Task data —
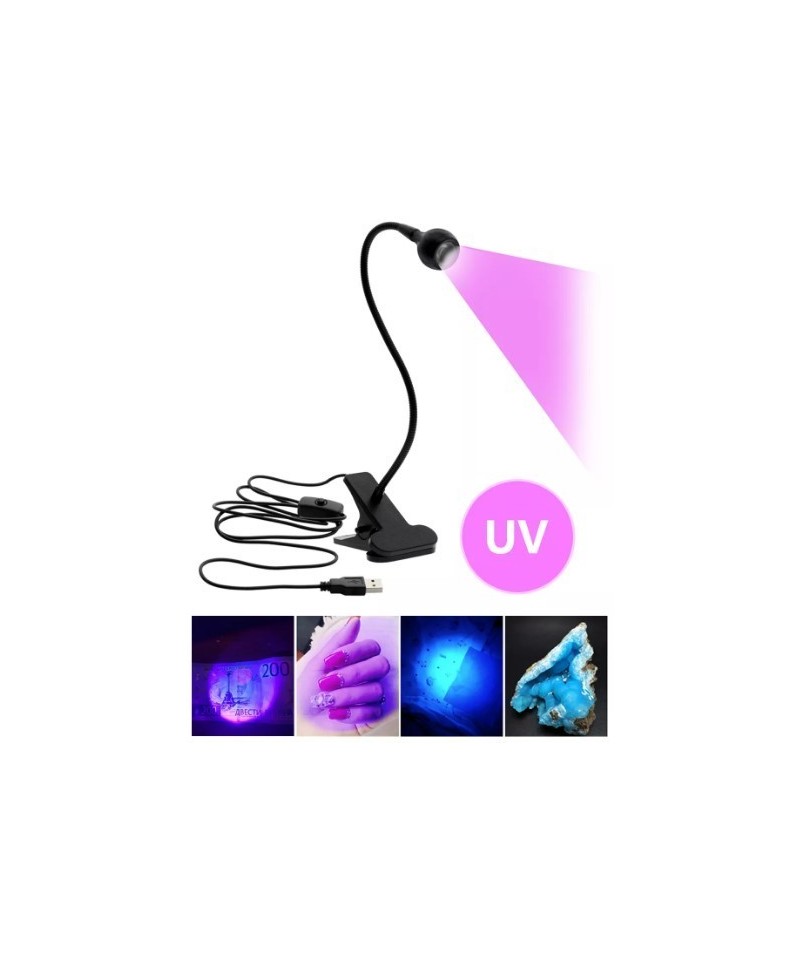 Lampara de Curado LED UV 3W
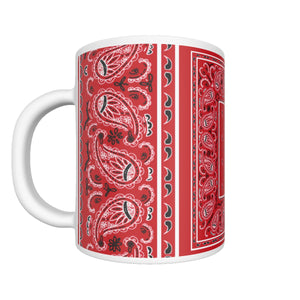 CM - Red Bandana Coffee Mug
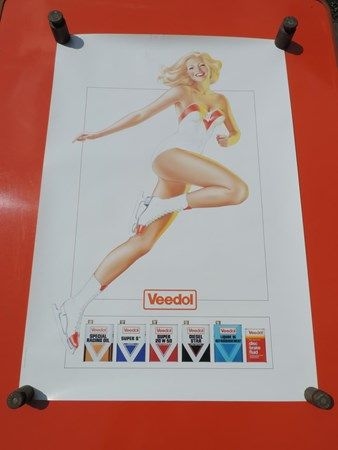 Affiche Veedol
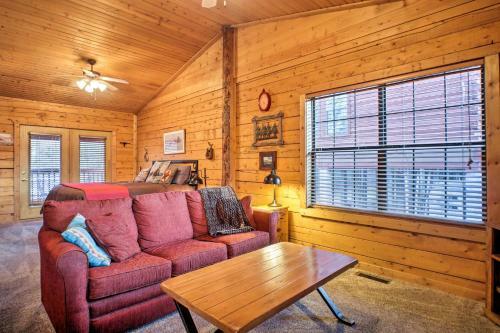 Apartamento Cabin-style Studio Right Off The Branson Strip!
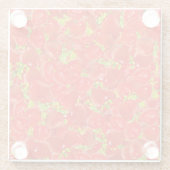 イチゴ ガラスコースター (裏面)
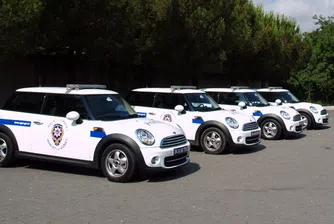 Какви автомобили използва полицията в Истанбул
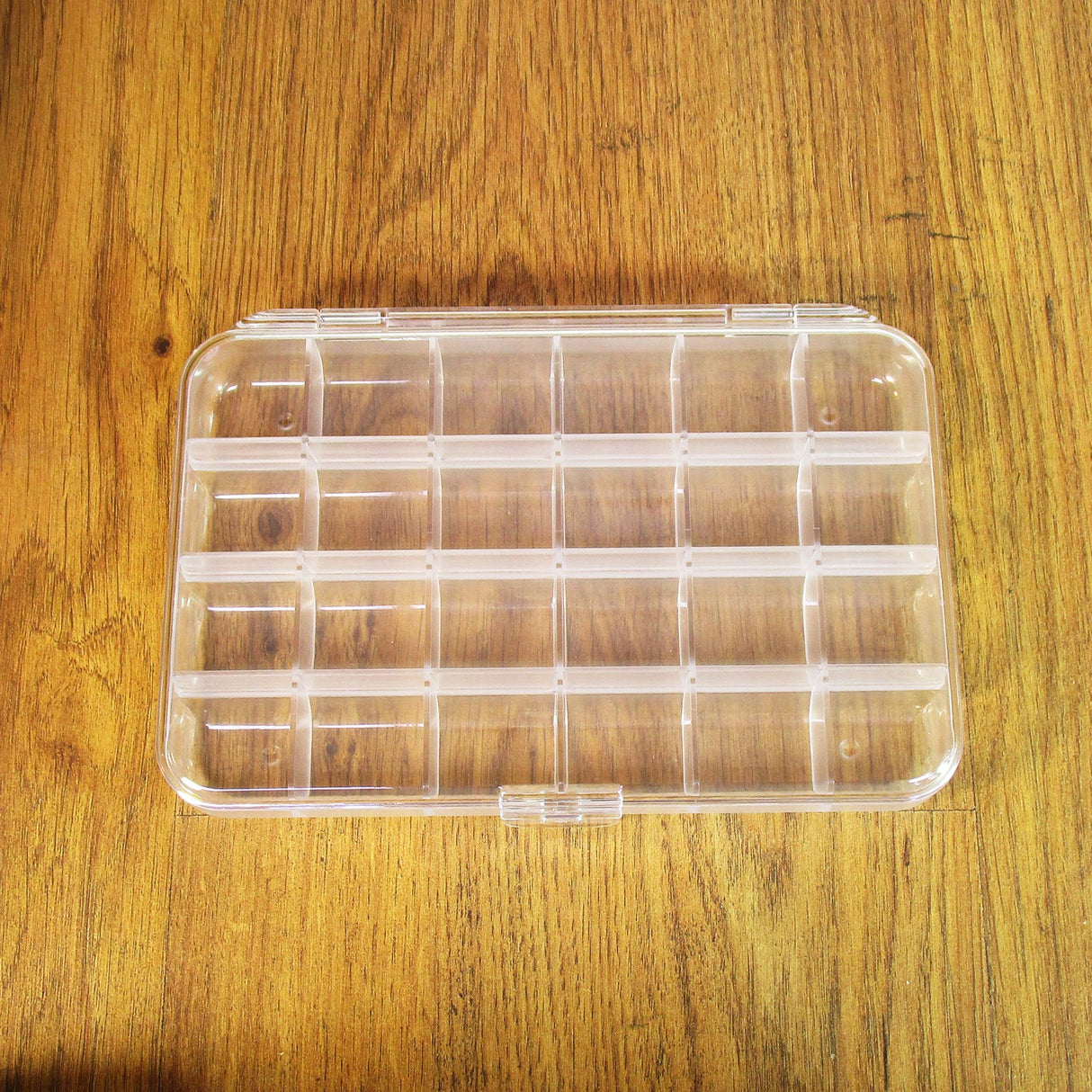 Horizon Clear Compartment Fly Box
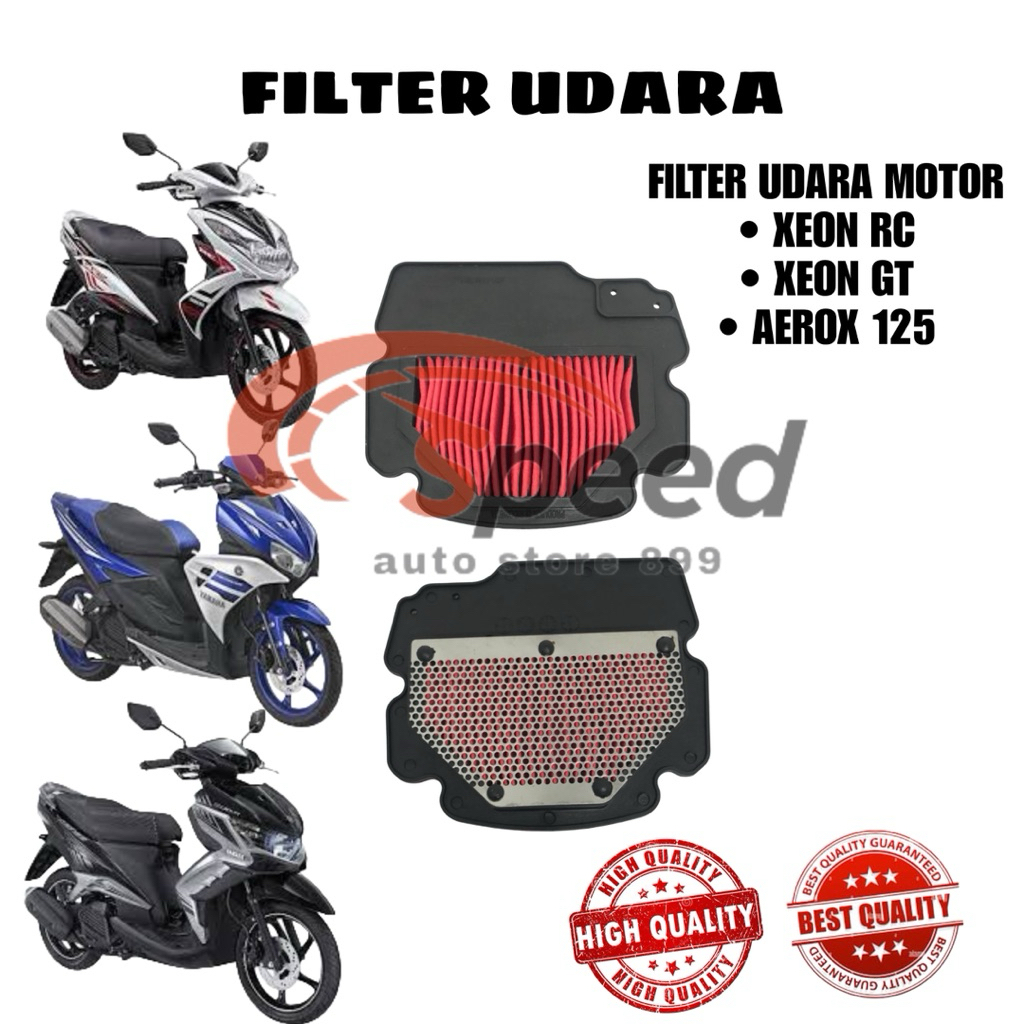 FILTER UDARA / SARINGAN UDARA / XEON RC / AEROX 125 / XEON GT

Prompt —
Pictures should be left out when the records above are restated exactly.

Task result —
 Lampara de Curado LED UV 3W
 CM - Red Bandana Coffee Mug
 Affiche Veedol
 Apartamento Cabin-style Studio Right Off The Branson Strip!
 イチゴ ガラスコースター (裏面)
 Какви автомобили използва полицията в Истанбул
 Horizon Clear Compartment Fly Box
 FILTER UDARA / SARINGAN UDARA / XEON RC / AEROX 125 / XEON GT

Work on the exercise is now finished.